DATASET EXCERPTS:

═══

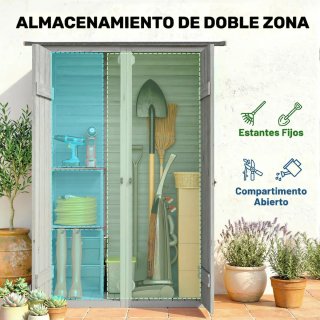 Caseta Jardín Madera 115x53x156 cm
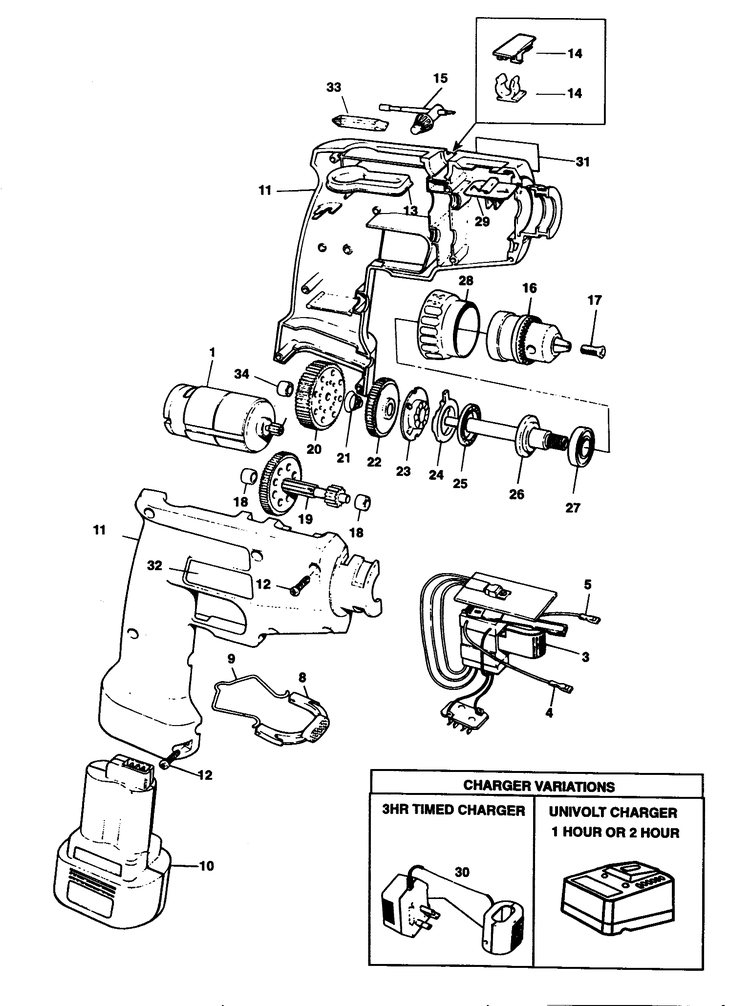9015   CORDLESS DRILL  Type 1
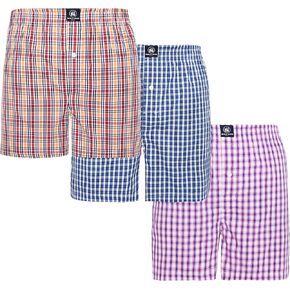 Men's Boxer Shorts, Comfortable Cotton Boxers, 100% Cotton Checks Multicolor Boxers For Men, Multi Pack in Saudi Arabia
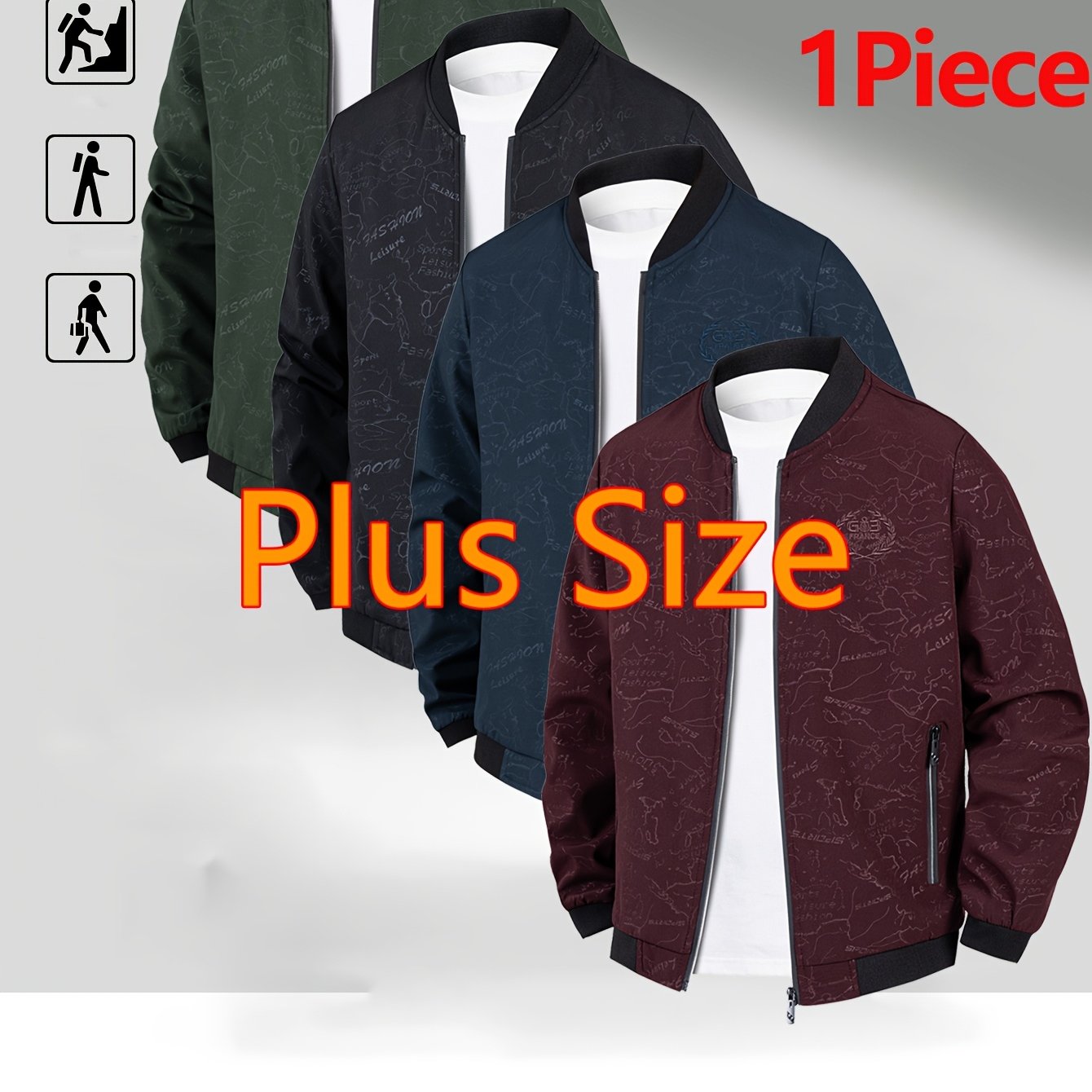 TEMU Oversized Men's Lightweight Multi-pocket Jacket With Hood, A Refreshing And Comfortable Outerwear That Movement During Outdoor Activities Like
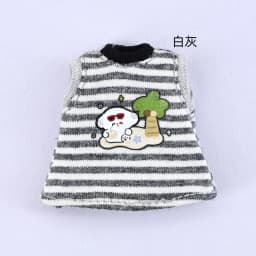 For Obitsu 11 Doll Striped Vest Denim Shorts Hat For OB11 Gsc Asi 2.0 1/12 Molly P9 P10 Body Doll Cloth NAGI Doll Outfit Clothes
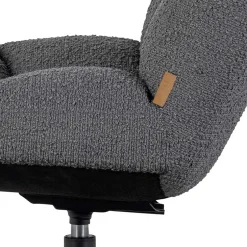 Drehsessel ohne Armlehnen in Anthrazit Boucle - Matresca^Wohnen Best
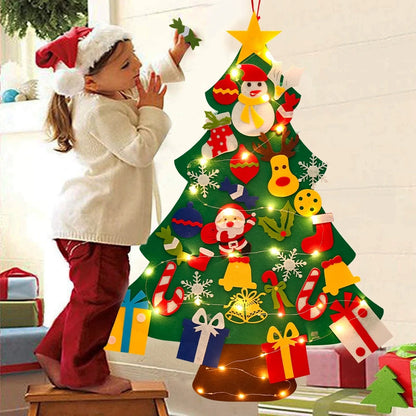 Kids Felt Christmas Tree with Light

═══

TASK DETAILS: Everything from the line holding "For Obitsu 11" to the close of the records should be written out exactly, both ends included, with pictures omitted.

RESPONSE TO THIS TASK:
 For Obitsu 11 Doll Striped Vest Denim Shorts Hat For OB11 Gsc Asi 2.0 1/12 Molly P9 P10 Body Doll Cloth NAGI Doll Outfit Clothes
 Drehsessel ohne Armlehnen in Anthrazit Boucle - Matresca^Wohnen Best
 Kids Felt Christmas Tree with Light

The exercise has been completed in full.